The ship I was on, I explained to my friend, didn’t carry more than a couple of hundred passengers for the three-day cruise from Haifa to Pireaus with stops at Limassol and Rhodes. In fact, it was sort of designed as a half car ferry and half passenger ship. That was ideal for my family and I, as we were able to bring our car with us. I still recall, with vividness and a degree of trepidation, as it was hoisted off the pier by the ship’s crane, swung over and then lowered into the cargo hold. What a relief it was once our swinging car was safely on the deck below.
I bring this up, because I realized shortly after speaking to my friend that this experience will more or less fit into a story I began writing several years ago. I am still puzzled, in fact, as to why I didn’t think of applying this experience sooner.
Plus, there were a few other experiences from the ship that will not only enhance the story, but with a few revisions, will automatically resolve a couple of nagging loose ends.

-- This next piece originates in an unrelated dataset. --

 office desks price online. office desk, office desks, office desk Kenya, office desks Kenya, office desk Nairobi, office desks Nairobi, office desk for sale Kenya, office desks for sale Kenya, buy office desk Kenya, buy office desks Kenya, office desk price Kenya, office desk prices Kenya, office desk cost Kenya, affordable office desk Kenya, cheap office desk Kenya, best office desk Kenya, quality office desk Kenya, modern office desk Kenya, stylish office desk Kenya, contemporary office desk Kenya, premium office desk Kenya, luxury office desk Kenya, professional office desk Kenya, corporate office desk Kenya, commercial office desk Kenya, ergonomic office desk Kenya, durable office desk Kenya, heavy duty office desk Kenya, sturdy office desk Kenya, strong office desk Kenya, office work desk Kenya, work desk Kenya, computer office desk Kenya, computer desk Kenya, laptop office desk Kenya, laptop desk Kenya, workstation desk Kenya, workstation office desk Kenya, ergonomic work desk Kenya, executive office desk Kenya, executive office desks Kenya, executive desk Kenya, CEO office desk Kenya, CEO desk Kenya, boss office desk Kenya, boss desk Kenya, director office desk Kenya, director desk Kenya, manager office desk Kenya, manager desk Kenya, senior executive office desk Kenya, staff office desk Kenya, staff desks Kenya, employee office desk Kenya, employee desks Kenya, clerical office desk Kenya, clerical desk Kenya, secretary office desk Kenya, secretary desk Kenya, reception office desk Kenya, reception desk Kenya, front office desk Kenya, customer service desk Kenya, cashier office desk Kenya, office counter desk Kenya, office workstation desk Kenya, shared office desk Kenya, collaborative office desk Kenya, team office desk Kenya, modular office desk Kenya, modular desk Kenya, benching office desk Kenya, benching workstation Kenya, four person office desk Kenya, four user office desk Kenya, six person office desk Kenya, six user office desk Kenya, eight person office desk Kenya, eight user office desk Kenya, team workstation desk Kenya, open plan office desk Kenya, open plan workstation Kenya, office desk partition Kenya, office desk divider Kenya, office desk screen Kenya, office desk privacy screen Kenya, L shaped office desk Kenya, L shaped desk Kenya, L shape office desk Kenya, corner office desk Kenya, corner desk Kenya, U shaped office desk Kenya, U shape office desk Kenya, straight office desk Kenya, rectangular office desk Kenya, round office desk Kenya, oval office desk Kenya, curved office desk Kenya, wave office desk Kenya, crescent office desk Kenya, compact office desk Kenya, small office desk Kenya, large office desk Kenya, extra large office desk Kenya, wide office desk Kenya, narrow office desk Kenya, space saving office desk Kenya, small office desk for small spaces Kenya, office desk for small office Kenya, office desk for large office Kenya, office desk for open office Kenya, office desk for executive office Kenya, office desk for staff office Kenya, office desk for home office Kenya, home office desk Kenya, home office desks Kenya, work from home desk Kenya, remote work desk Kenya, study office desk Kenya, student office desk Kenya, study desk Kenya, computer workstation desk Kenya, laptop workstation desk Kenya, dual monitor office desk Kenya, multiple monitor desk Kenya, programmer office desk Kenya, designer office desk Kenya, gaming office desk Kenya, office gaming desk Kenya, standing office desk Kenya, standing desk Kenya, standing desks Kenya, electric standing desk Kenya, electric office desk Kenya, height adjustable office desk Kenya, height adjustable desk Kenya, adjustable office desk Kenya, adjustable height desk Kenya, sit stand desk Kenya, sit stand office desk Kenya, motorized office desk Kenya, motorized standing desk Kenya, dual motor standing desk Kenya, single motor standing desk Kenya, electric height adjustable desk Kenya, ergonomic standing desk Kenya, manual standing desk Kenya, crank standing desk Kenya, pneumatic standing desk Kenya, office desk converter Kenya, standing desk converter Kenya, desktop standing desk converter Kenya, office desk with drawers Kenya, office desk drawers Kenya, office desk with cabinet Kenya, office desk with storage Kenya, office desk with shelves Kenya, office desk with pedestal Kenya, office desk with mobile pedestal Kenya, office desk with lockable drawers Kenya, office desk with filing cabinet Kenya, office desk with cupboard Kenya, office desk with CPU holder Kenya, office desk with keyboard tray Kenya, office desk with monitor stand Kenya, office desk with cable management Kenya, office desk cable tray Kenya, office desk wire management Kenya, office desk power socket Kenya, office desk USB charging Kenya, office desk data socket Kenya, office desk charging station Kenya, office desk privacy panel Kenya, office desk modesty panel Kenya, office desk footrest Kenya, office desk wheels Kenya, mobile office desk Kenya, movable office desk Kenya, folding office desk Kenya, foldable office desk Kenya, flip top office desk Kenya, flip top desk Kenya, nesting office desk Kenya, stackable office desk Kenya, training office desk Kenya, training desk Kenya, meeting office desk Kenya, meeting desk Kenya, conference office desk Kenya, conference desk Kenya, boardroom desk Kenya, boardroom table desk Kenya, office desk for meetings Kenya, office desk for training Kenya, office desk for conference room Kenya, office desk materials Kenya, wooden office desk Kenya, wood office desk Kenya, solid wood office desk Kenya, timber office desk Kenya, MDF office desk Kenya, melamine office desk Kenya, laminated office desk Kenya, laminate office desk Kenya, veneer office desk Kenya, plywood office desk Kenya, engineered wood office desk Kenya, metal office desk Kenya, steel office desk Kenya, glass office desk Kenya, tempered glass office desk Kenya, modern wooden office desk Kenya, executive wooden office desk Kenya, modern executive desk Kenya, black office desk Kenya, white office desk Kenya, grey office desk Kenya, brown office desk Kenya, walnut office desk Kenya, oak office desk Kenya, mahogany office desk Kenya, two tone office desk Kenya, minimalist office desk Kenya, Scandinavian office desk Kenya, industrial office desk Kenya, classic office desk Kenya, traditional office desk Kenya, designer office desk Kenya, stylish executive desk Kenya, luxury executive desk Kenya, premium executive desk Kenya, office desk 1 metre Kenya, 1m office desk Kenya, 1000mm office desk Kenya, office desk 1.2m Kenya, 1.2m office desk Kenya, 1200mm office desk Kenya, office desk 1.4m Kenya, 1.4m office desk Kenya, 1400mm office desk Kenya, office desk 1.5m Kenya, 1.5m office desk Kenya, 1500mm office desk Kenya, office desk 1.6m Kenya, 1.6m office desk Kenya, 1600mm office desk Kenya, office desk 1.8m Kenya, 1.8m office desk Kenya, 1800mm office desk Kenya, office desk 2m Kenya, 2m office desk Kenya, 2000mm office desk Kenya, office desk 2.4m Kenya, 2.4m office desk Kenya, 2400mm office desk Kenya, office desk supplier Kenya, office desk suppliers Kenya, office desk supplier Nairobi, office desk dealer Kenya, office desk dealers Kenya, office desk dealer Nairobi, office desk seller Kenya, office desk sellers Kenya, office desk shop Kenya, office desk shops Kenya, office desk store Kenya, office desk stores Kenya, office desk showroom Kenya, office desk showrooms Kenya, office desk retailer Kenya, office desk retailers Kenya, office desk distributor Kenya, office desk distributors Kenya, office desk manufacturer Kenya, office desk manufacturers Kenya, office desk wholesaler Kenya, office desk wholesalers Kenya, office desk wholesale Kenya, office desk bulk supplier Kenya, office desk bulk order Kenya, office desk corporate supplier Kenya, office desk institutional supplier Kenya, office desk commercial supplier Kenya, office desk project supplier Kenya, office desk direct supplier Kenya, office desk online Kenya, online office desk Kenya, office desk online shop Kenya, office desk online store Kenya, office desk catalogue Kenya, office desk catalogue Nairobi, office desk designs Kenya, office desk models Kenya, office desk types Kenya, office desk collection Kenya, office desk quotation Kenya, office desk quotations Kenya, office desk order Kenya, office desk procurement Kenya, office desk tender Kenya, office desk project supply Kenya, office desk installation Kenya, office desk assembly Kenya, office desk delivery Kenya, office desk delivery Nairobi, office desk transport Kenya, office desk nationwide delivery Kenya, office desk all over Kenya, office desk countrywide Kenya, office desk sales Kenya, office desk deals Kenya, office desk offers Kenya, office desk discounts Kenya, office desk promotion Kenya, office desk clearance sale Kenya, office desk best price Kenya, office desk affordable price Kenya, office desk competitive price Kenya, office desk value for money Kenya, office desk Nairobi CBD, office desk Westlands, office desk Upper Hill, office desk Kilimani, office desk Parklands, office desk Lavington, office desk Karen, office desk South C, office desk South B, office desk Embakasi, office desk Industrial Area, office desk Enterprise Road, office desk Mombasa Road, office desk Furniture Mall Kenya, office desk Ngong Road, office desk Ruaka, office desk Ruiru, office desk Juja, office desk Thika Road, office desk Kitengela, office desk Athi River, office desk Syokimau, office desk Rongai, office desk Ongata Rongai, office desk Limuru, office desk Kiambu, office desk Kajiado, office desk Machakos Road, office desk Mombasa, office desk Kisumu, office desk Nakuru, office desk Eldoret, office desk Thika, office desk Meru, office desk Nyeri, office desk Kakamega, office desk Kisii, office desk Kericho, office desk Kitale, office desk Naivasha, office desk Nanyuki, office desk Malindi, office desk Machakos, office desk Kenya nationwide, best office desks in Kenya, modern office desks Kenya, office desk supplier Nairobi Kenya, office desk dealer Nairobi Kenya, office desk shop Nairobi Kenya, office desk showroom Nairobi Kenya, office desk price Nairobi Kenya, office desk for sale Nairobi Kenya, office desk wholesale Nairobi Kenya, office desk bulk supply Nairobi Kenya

The really nice aspect about the ship was that, even though it was technically a car ferry, we had our own cabin, there was galley with table service and real waiters and even a swimming pool. The water in the pool, I vividly remember would slosh back and forth as the sea became a bit rough. I was amazed at how rough the Mediterranean could get for such a relatively small sea. The crew even had to lower the pool’s water level a bit to prevent it from splashing on to the deck.
The most memorable part of the trip, however, was being able to visit the bridge while enroute – something I assume is forbidden in this day of hijackings and terrorism. I met the first officer, a rather hospitable fellow, who was in command, because the captain was in the sick bay, having slipped and fallen on a banana peel during port call.
There is a lot more I can add about this point-to-point trip, but will hold on to them until I can properly arrange them for the chapter or two of the story I have set up. As I keep saying, personal experience, at least for me, seems to make the best contributions to my stories, as I can actually picture the experience, complete with the reality of the detail.